Activity
Would you transcribe the records below exactly, omitting every picture?

Provided material
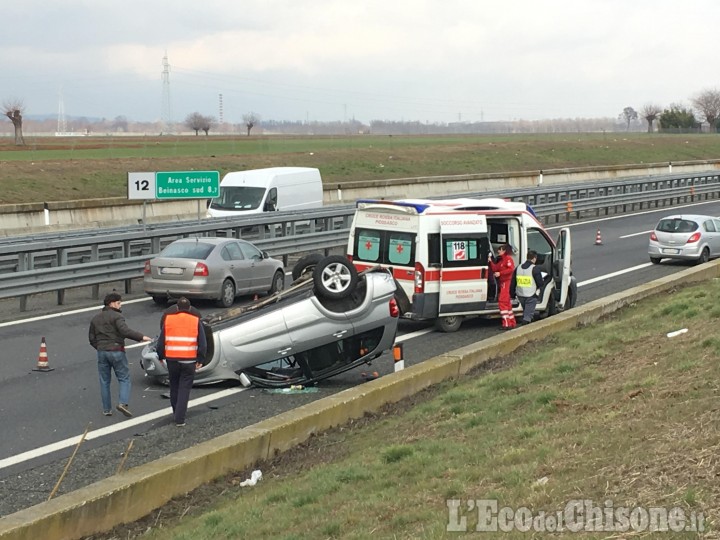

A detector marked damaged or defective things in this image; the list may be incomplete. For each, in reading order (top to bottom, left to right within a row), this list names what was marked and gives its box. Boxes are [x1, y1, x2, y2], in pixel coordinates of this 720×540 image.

overturned silver car [141, 254, 404, 386]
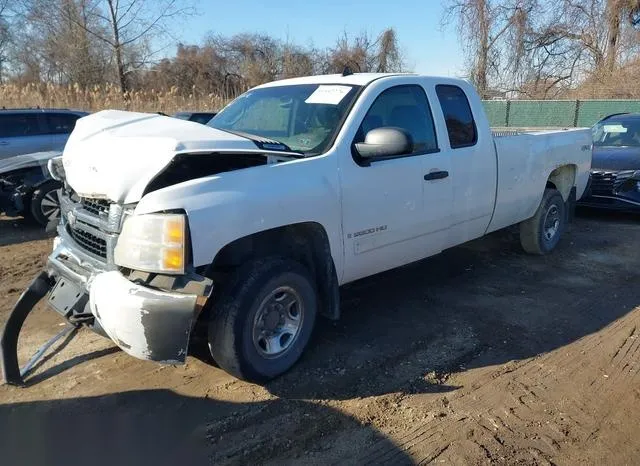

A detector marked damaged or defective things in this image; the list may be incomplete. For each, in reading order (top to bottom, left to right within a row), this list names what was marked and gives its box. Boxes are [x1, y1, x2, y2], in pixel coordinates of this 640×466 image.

crumpled hood [62, 111, 255, 204]
crumpled hood [592, 147, 640, 170]
damaged front end [0, 186, 212, 386]
broken headlight [114, 214, 186, 274]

The answer
A detector marked damaged or defective things in this image; the list may be incomplete. For each, in reading order (top to bottom, left to right within a row), this list names what was marked and gives its box. Boxes are [x1, y1, x2, y2], in pixel coordinates of this 720×540 image.

overturned silver car [141, 254, 404, 386]

A detector marked damaged or defective things in this image; the list may be incomplete. For each, in reading order (top to bottom, left to right within a row), this list names what was marked and gives its box. Boxes are [x1, y1, x2, y2], in pixel coordinates of this 640×466 image.

crumpled hood [62, 111, 255, 204]
crumpled hood [592, 147, 640, 170]
damaged front end [0, 186, 212, 386]
broken headlight [114, 214, 186, 274]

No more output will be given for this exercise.